Manifestations contre le pouvoir
Les manifestations contre le pouvoir avaient débuté pour dénoncer les brutalités policières, un mouvement baptisé #EndSARS ("en finir avec la SARS"), du nom d'une unité spéciale de la police accusée depuis des années de racket, de torture et même de meurtre.
Ce mouvement avait pris fin quand l'armée et la police avaient ouvert le feu le 20 octobre 2020 au péage de Lekki à Lagos, lieu de rassemblement emblématique des contestataires.
Amnesty International a affirmé qu'au moins dix manifestants pacifiques avaient été tués au péage, ce que le gouvernement fédéral dément. Fin 2021, une commission d'enquête indépendante a conclu que la répression le soir du 20 octobre 2020 à Lagos s'apparentait à un "massacre".
Conscience politique
Pour tous ceux présents ce jour-là, et les nombreux autres à avoir suivi les événements sur internet, ce fut un moment de prise de conscience politique, qui pourrait se répercuter dans les résultats de la présidentielle.
"Nous avons arrêté de lutter parce que nous savions que nous avions une chance de changer les gens au sommet (de l'Etat) en 2023", confie Esther Jonathan, 27 ans. "Nous attendons ce moment".
Depuis 2020, l'économie s'est dégradée, l'insécurité a augmenté et les universités publiques ont été fermées pendant huit mois à cause de grèves, motivant encore davantage les partisans d'un changement dans le pays le plus peuplé d'Afrique.

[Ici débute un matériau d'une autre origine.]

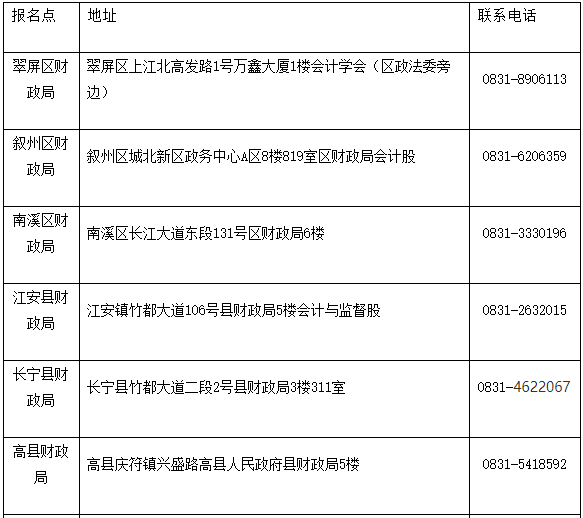 2020年四川宜宾市初级会计证书领取通告(2021年2月4日启动)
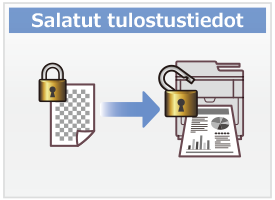 Salatut tulostustiedot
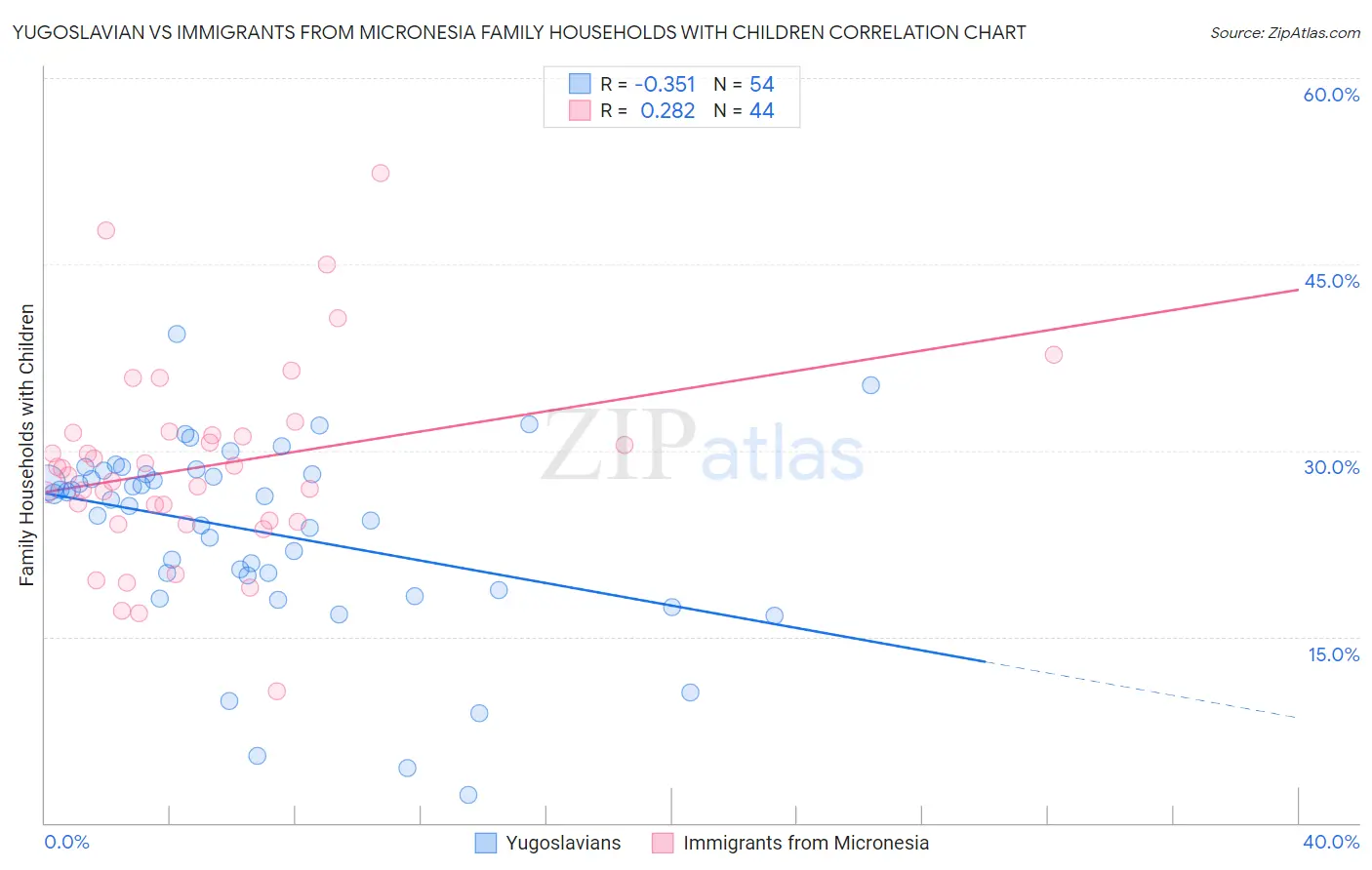 Yugoslavian vs Immigrants from Micronesia Family Households with Children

Pour remplacer le président Muhammadu Buhari, qui ne se représente pas au terme de ses deux mandats constitutionnels, deux candidats rivaux : Atiku Abubakar, du Parti démocratique populaire (PDP), et Bola Ahmed Tinubu, du parti au pouvoir, le Congrès des progressistes (APC).
Mais les outsiders Rabiu Kwankwaso, du New Nigeria People's Party (NNPP) et le populaire Peter Obi, du Parti travailliste, pourraient bénéficier d'un vote protestataire émergent.
"Évolution positive"
Au Nigeria, la participation est généralement faible (33% lors de la présidentielle de 2019) et les jeunes ne sont pas considérés comme les électeurs les plus actifs. Mais "il y a eu une évolution positive depuis 2015" concernant l'intérêt pour la politique, estime Udo Jude Ilo, analyste chez Thoughts and Mace Advisory.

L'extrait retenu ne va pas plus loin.